The IMD on 30 May clarified that its predictions about monsoon onset over Kerala were conditional, subject to the fulfilment of certain meteorological conditions.
IMD in a statement on Sunday said the depth and strength of westerly winds had increased; that cloudiness over southeast Arabian Sea and adjoining areas of Kerala had improved meeting the outgoing long wave radiation (OLR) criterion; and that there has been widespread rainfall activity over Kerala during the previous 24 hours and that 10 out of 24 rainfall monitoring stations received rainfall of 2.5 mm or more.
On Sunday, this criteria was not met. Rainfall was reported at a few places in Kottayam, Kollam, Alappuzha, Wayanad and Ernakulam districts on Monday, according to IMD.
Skymet argued that this was a "hasty" declaration and that onset criteria was "blatantly set aside." While winds and OLR was aligned for two days, the most important and visible manifestation of rainfall fell short on 28 and 30 May.
On 30 May, seven out of the 14 earmarked stations recorded NIL rainfall and two more locations registered less than 1mm.
“Declaring monsoon based on single day observations amounts to gross violation of standards, never attempted in the past. Any repute scientific body can ill afford to bend rules and criteria, just to prove the forecast right. Such a step, if taken knowingly, becomes highly objectionable and if otherwise, amounts to illusion of knowledge,” read the note by Skymet Weather.
“There is objective criteria that needs to be met and sanctity has to be maintained. What is IMD trying to prove? Will anyone punish them if the monsoon comes a few days late? There is no harm in admitting they are wrong because this is after all, a prediction.”GP Sharma, President, Meteorology and Climate at Skymet Weather to The Quint
24 Hr Rainfall (mm) – Monsoon Stations
Skymet’s claims were supported by a few other independent weather forecasters on social media who questioned IMD’s declaration.

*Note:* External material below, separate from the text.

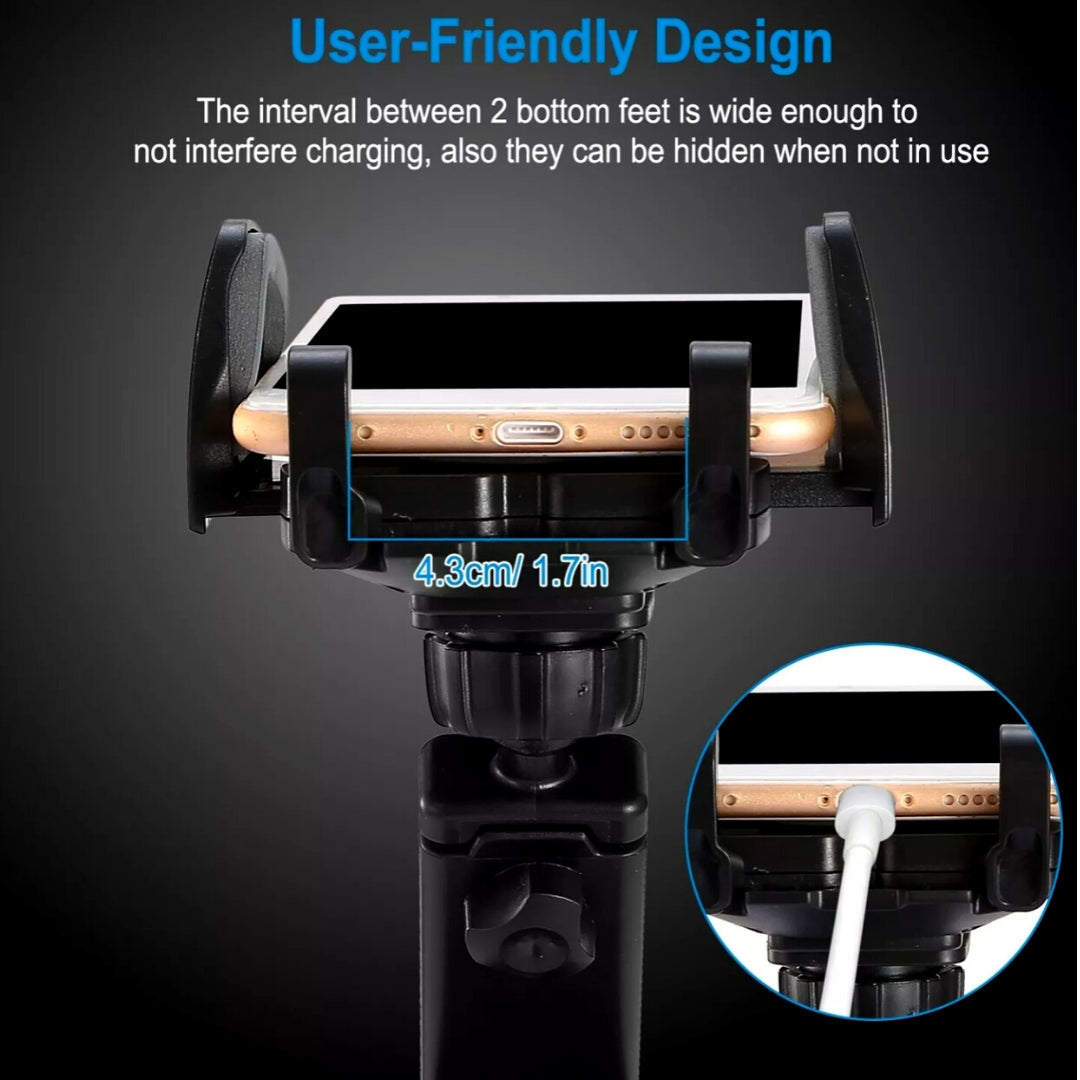 Base Para Poner Sujetar El Telefono En Carro Soporte Celular Movil GPS Coche 360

Raj Bhagat P, an earth observer and a specialist in Geo Analytics told The Quint, "IMD has sent certain criteria for onset but they have not adhered to it themselves."
Declaring Monsoon Onset Wrong Could Lead To Confusing Messaging to Farmers
The monsoon season is crucial for summer crops and brings about 70% of India’s annual rainfall. Monsoon rains are a lifeline for about 60% of the country’s net cultivated area that has no irrigation.
The monsoon impacts inflation, jobs, and industrial demand. Ample harvests raise rural incomes and keeps a check on inflation.
Sharma explained that it is time a scientific body like IMD doesn’t play with the psychology of farmers who anticipate the onset of monsoon.
“The significance of the onset of monsoon is that it boosts the morale of the farmers. A few years ago, a bad forecast will not be declared at the beginning of the season, because they didn’t want to disappoint people. But with improvement in technology, it is alright to declare that it is a bad monsoon. 2014 and 2015 were drought years but India managed to absorb the shock and get over it. There is no need to unnecessarily lie about the forecast,” he told The Quint.
Based on the current projections, south Maharashtra, Madhya Maharashtra, Telangana, Andhra Pradesh, Karnataka, Kerala and Tamil Nadu will anticipate good rains around 10 June. Experts stated that declaring early monsoon onset could lead to confusing messaging to farmers, who could even incur huge losses.
Bhagat suggested that rather than using fixed thresholds for declaring monsoon onsets, IMD must consider using monsoon indices that talk about strength and phase which will help understand the rainfall patterns better.
“This seems like an unnecessary declaration as the exact onset date doesn't really matter. They need to start defining how strong or weak the monsoon is, which side it is traveling based on parameters but without any fixed thresholds,” he suggested.
He also pointed out that wrong declaration “could affect future reliance on onset data for studies related to climate change.”
This year, India may be staring at a delayed and dry southwestern monsoon in the first two months, with late onset, intermittent rains and dry spells in many regions. The farming season may again be pushed back, as it was in 2021.
IMD has forecast a “normal” monsoon this year at 99% of long period average with margin error of +/-5%.